The current issue (3.1) offers another first, the first essay in The Hare to reveal an archival discovery, a long-misread signature of Edmund Tylney on the 1590s manuscript of the Book of Sir Thomas More. Jonathan Walker has determined that Tylney’s signature, always transcribed as “E Tylney,” in fact reads “Ed Tylney,” making the early modern master of revels sound something like a Baltimore cop. Obscured in the initial “E” is a faint “d,” and Walker deftly analyzes the trace of this signature through the prism of Derrida’s “Signature Event Context,” noting that “the signature falls short of its author’s intention” while it “graphically exceeds its audience’s apprehension.” Observing the manuscript’s history of (mis)apprehension, Walker concludes that the “text constantly, and even now, surpasses our abilities to account for it.”

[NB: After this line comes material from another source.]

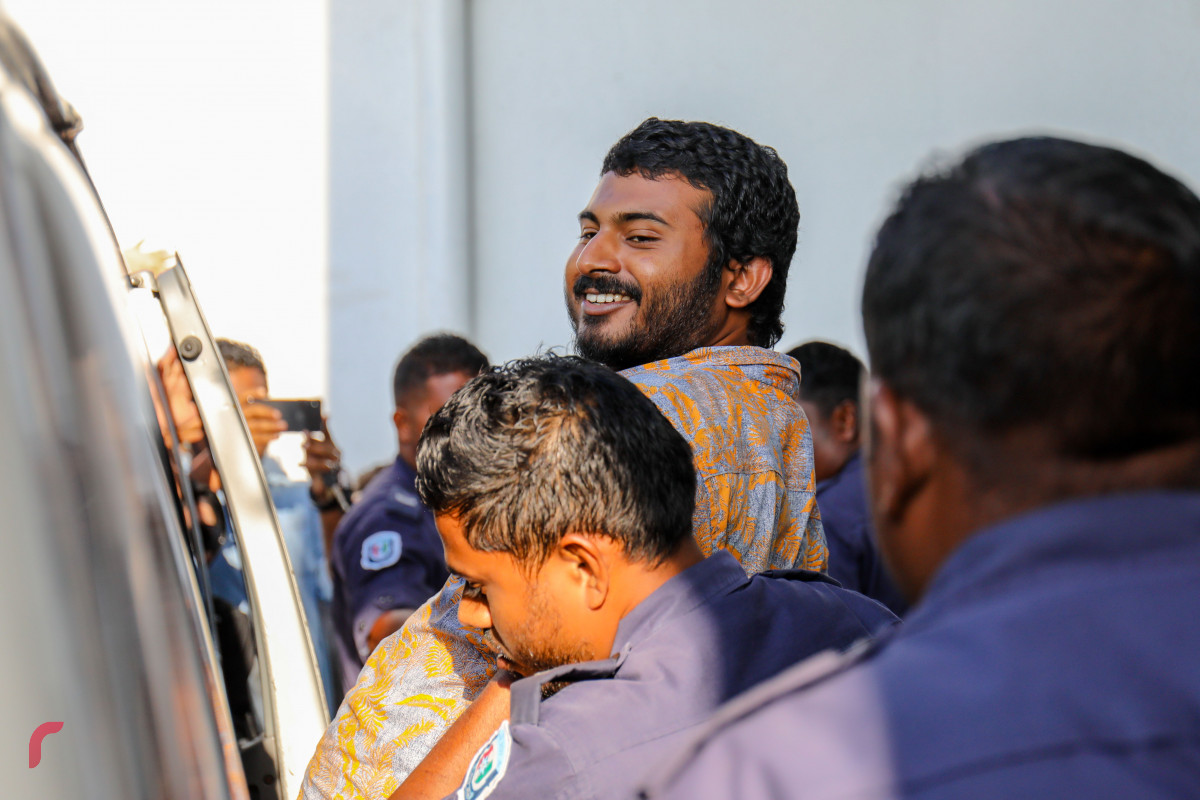 Police escort journalist Mohamed Wisam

This ed. note similarly signals an attempt to exceed – or extend – the editors’ intentions for The Hare, with every expectation that it will fall short. The handoff from one editorial team to another represents a signature event, where the collaborative work of many hands produces, we hope, a singular product. We thank you for following The Hare, and request you continue to do so. It’s in good hands.

Paul Menzer

Jeremy Lopez

 

Editorial Statement: Casey Caldwell and Amy Kenny

The Hare is an online, peer-reviewed journal, publishing untimely reviews of books, articles, and performances in early modern theater. This journal provides a venue for the contention and revaluation of old scholarly work in contemporary scholarly debate. We invite you to interpret “old” creatively, though traditional reviews of recent publications will not be considered. We welcome untimely reviews of books and articles that our field has overlooked or overemphasized to its detriment. We also welcome untimely performance reviews in early modern theater, emphasizing fascinating, bizarre, passed-over performances that have been excluded from traditional performance history. The Hare will be the home for brief, provocative pieces on these lost, invisible productions. Finally, we also solicit future-looking pieces, from theater artists and scholars for productions they would like to see produced--arguing for what they see as the Cymbeline that Philadelphia most needs today, or The Shoemaker's Holiday in Beijing, for example.

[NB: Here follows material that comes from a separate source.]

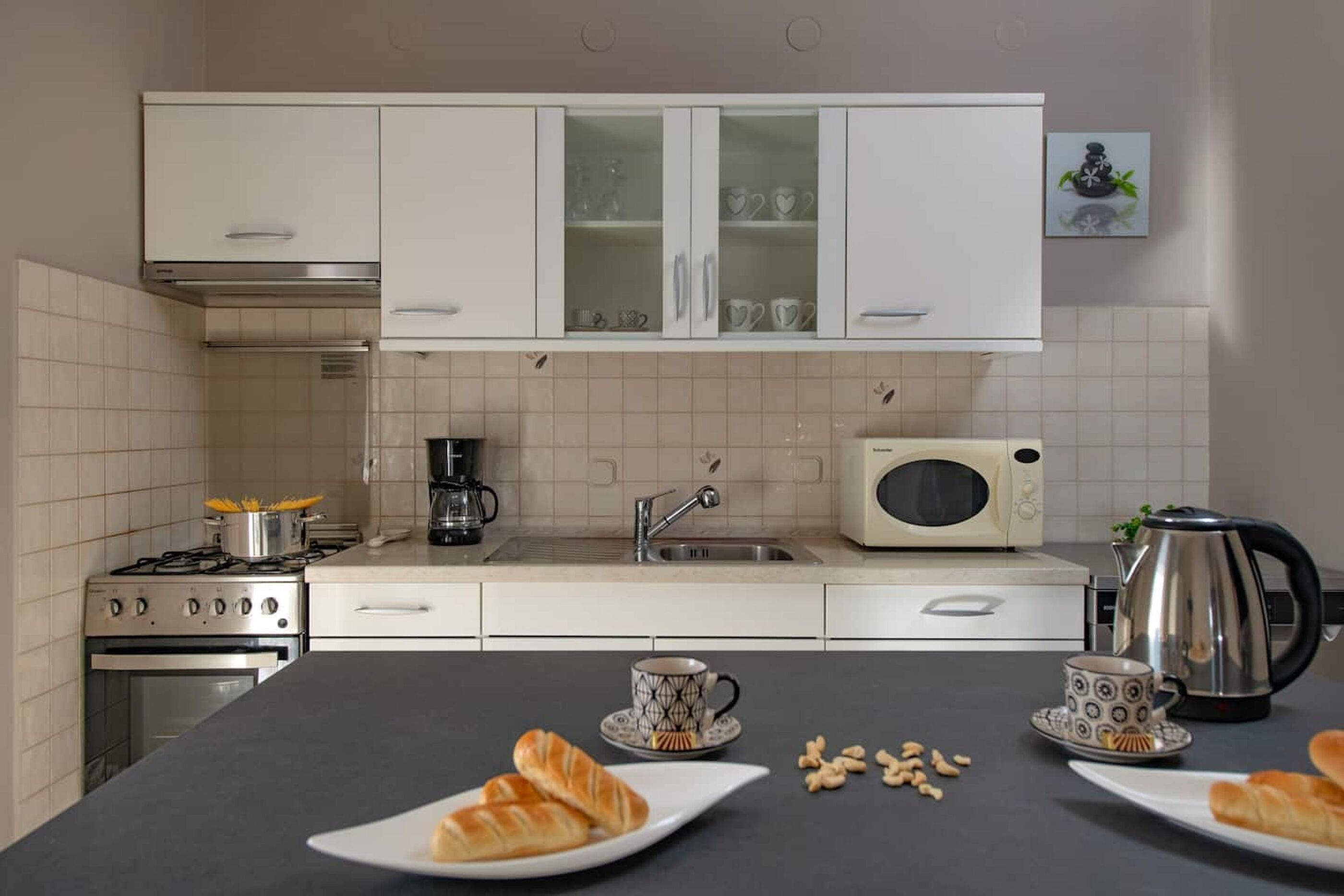 Een keuken met witte kastjes, een fornuis, een magnetron en een waterkoker.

We invite contributions focusing on a wide range of early modern theater, including but not limited to Shakespeare’s plays. We are excited to publish untimely reviews by theater artists with a vision for the future of early modern drama, alongside scholars inspired to reassess the past in order open up new possibilities for the next generation of scholarship. Challenging the history of our field--by bringing inspiring work out of the dark for the first time or by contesting the place of long-visible texts--foments the potential for dramatically new ideas, imaginaries, and methodologies within the study of early modern theater.